Retrospective on writing

I started to edit my old posts. I was surprised to find how badly they were written.

My writing started to change noticeably about ten years ago.

In 2012 I bought a text editor called iA Writer. It has standard grammar check but it is also capable of catching cliches, excessive use of adjectives and adverbs, fillers.

Books that had big influence in my writing in decades since 2000s:

- Truman Capote's In Cold Blood, 

- On Writing: A Memoir of the Craft by Stephen King, 

- Stephen King's The Shining,

- Colm Toibin's The Heather Blazing and House of Names. 

Reading bad books, and crime novels helped too.

My vocabulary is still weak (it will never reach to the level of an English born), but in modern English lean prose is more important and I might probably get by.  

Saturday, November 6, 2021

Ephemeral exhibition

There is an underground passage near the train station where we live. It bypasses a major highway above. 
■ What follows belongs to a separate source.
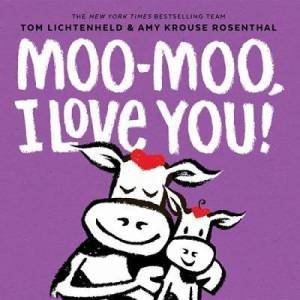 Moo-Moo, I Love You! by Tom Lichtenheld & Amy Krouse Rosenthal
Cool in hot days, flooded in torrential rains, it witnesses its fair share of mundane events. 

Early in the morning, people are rushing to the train station, or slow moving noisy herd of girls moving in the opposite direction, going to their school, a girls’ college nearby. 

Then in the evening tired office workers, beaten by a day’s work are returning home. Every day is the same. Life is as dull as it gets under the tunnel.
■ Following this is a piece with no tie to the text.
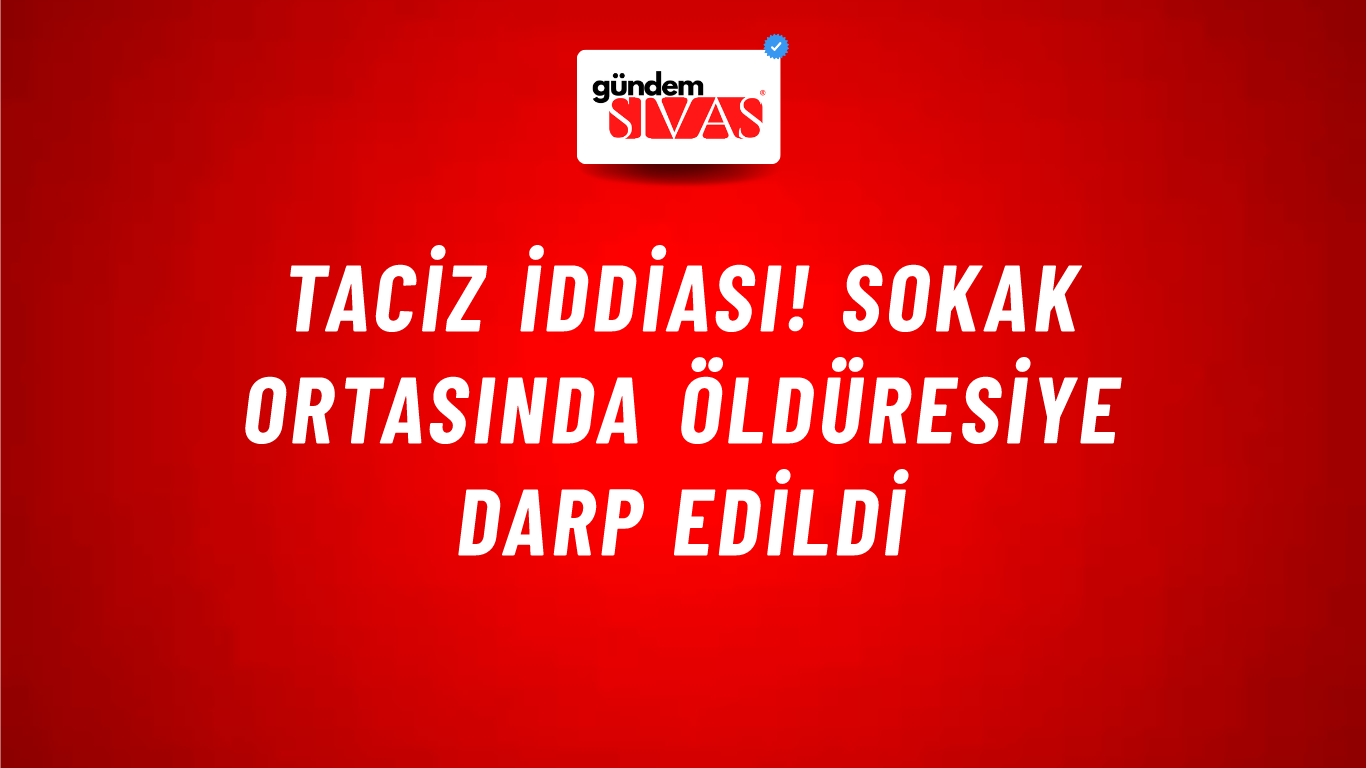 Taciz iddiası! Sokak ortasında öldüresiye darp edildi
With its grey walls and flickering neon lights, the tunnel is always there, unassuming, never refusing to let you go in one direction or the other, a small wormhole connecting two little universes, one end is for leaving, the other one is for coming.

This endless looking boredom is sometimes broken by an influx of graffiti. 

You can tell if graffiti are made by a herd of teenagers or a solitary artist. 

Teens leave the walls with battered mixture, an illegible cacophony of teenage outrage. Their work is similar. They attempt to show off their signature, made up in block 3d letters, cryptic words that do not mean anything, as elusive as the source of their frustration.  

The stationmaster who is responsible to look after the train station, makes occasional announcements from fixed megaphones erected around the platform. He accepts customer enquiries, warns girls not to block stairways, asks people to wear their masks, and he ensures people to know that the tunnel is his territory.

There is an ongoing arms race between graffiti artists and the stationmaster. When the ratio of graffiti and greyness reach to a certain level, he washes the walls with grey paint and graffiti disappears overnight. 

Yet something unusual breaks this tedious flow. An unknown artist we would never see or know, emerge out of darkness and start to create art. 





Unlike teenagers’ mess, the solitary artist’s artworks are distinctive, they have style and stories, they make you wonder. A few days apart, a new work is added. You can tell it is from the same artist. People using the tunnel witness a living exhibition, wondering what would be added today. This is art.  

Passers like me nervously await the day these works disappear. But unlike an exhibition in an art gallery, there is no definitive day to end it. This makes the art brutally thrilling, you need to understand the message while it lasts, until the day the stationmaster appears with his bucket full of grey paint.